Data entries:
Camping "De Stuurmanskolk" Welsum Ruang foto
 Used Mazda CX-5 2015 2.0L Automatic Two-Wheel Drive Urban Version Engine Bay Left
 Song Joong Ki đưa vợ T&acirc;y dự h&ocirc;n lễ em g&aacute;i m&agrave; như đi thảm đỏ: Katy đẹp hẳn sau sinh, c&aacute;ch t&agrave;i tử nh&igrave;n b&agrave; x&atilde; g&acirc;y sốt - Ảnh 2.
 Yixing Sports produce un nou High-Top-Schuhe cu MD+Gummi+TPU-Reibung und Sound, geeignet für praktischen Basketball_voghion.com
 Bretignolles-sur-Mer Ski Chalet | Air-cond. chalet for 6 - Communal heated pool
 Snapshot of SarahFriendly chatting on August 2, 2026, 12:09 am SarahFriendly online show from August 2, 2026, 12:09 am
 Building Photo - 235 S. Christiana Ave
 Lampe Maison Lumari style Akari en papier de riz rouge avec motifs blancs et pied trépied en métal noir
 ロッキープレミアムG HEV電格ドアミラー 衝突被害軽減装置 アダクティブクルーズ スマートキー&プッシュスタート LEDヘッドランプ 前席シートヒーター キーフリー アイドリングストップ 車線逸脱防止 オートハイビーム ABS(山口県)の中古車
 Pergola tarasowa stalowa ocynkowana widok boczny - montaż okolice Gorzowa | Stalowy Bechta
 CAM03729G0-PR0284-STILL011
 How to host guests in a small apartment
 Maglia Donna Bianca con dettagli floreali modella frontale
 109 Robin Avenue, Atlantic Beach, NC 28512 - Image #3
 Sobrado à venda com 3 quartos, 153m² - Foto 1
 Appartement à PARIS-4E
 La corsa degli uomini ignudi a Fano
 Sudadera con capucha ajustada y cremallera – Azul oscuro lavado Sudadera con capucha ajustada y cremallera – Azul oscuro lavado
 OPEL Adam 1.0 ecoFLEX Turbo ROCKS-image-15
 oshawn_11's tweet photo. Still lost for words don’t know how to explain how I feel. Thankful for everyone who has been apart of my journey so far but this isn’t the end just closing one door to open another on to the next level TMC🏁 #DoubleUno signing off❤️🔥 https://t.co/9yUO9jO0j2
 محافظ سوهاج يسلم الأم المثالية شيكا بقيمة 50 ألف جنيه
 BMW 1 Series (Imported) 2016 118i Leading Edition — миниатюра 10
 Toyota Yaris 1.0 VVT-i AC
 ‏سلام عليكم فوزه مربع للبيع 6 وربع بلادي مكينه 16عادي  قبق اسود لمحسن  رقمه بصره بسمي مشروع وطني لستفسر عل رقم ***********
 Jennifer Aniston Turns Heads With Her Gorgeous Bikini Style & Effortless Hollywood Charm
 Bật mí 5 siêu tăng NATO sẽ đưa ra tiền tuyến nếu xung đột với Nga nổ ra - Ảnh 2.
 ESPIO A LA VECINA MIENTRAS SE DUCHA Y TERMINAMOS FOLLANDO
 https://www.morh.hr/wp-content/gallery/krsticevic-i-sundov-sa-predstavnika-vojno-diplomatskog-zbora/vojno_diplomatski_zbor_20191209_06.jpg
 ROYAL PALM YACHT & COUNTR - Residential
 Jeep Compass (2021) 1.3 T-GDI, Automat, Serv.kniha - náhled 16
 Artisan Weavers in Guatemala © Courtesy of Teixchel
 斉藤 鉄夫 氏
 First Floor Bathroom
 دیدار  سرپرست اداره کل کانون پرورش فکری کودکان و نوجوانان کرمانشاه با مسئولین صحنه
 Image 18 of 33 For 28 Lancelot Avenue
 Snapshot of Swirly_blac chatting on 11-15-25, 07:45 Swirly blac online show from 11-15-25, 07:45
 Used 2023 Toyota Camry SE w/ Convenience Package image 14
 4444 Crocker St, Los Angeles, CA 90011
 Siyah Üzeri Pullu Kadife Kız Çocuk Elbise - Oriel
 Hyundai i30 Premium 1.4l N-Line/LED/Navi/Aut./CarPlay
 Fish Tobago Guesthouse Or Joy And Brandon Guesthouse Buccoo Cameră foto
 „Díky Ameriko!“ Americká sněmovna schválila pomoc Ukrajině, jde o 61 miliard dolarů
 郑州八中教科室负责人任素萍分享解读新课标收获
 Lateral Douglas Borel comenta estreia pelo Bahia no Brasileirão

= WHAT YOU ARE ASKED TO DO =
Extract exactly and only the lines above from the line containing "Pergola tarasowa stalowa" through the line containing "Image 18 of 33 For 28 Lancelot Avenue", both end lines included.

= TASK RESPONSE =
 Pergola tarasowa stalowa ocynkowana widok boczny - montaż okolice Gorzowa | Stalowy Bechta
 CAM03729G0-PR0284-STILL011
 How to host guests in a small apartment
 Maglia Donna Bianca con dettagli floreali modella frontale
 109 Robin Avenue, Atlantic Beach, NC 28512 - Image #3
 Sobrado à venda com 3 quartos, 153m² - Foto 1
 Appartement à PARIS-4E
 La corsa degli uomini ignudi a Fano
 Sudadera con capucha ajustada y cremallera – Azul oscuro lavado Sudadera con capucha ajustada y cremallera – Azul oscuro lavado
 OPEL Adam 1.0 ecoFLEX Turbo ROCKS-image-15
 oshawn_11's tweet photo. Still lost for words don’t know how to explain how I feel. Thankful for everyone who has been apart of my journey so far but this isn’t the end just closing one door to open another on to the next level TMC🏁 #DoubleUno signing off❤️🔥 https://t.co/9yUO9jO0j2
 محافظ سوهاج يسلم الأم المثالية شيكا بقيمة 50 ألف جنيه
 BMW 1 Series (Imported) 2016 118i Leading Edition — миниатюра 10
 Toyota Yaris 1.0 VVT-i AC
 ‏سلام عليكم فوزه مربع للبيع 6 وربع بلادي مكينه 16عادي  قبق اسود لمحسن  رقمه بصره بسمي مشروع وطني لستفسر عل رقم ***********
 Jennifer Aniston Turns Heads With Her Gorgeous Bikini Style & Effortless Hollywood Charm
 Bật mí 5 siêu tăng NATO sẽ đưa ra tiền tuyến nếu xung đột với Nga nổ ra - Ảnh 2.
 ESPIO A LA VECINA MIENTRAS SE DUCHA Y TERMINAMOS FOLLANDO
 https://www.morh.hr/wp-content/gallery/krsticevic-i-sundov-sa-predstavnika-vojno-diplomatskog-zbora/vojno_diplomatski_zbor_20191209_06.jpg
 ROYAL PALM YACHT & COUNTR - Residential
 Jeep Compass (2021) 1.3 T-GDI, Automat, Serv.kniha - náhled 16
 Artisan Weavers in Guatemala © Courtesy of Teixchel
 斉藤 鉄夫 氏
 First Floor Bathroom
 دیدار  سرپرست اداره کل کانون پرورش فکری کودکان و نوجوانان کرمانشاه با مسئولین صحنه
 Image 18 of 33 For 28 Lancelot Avenue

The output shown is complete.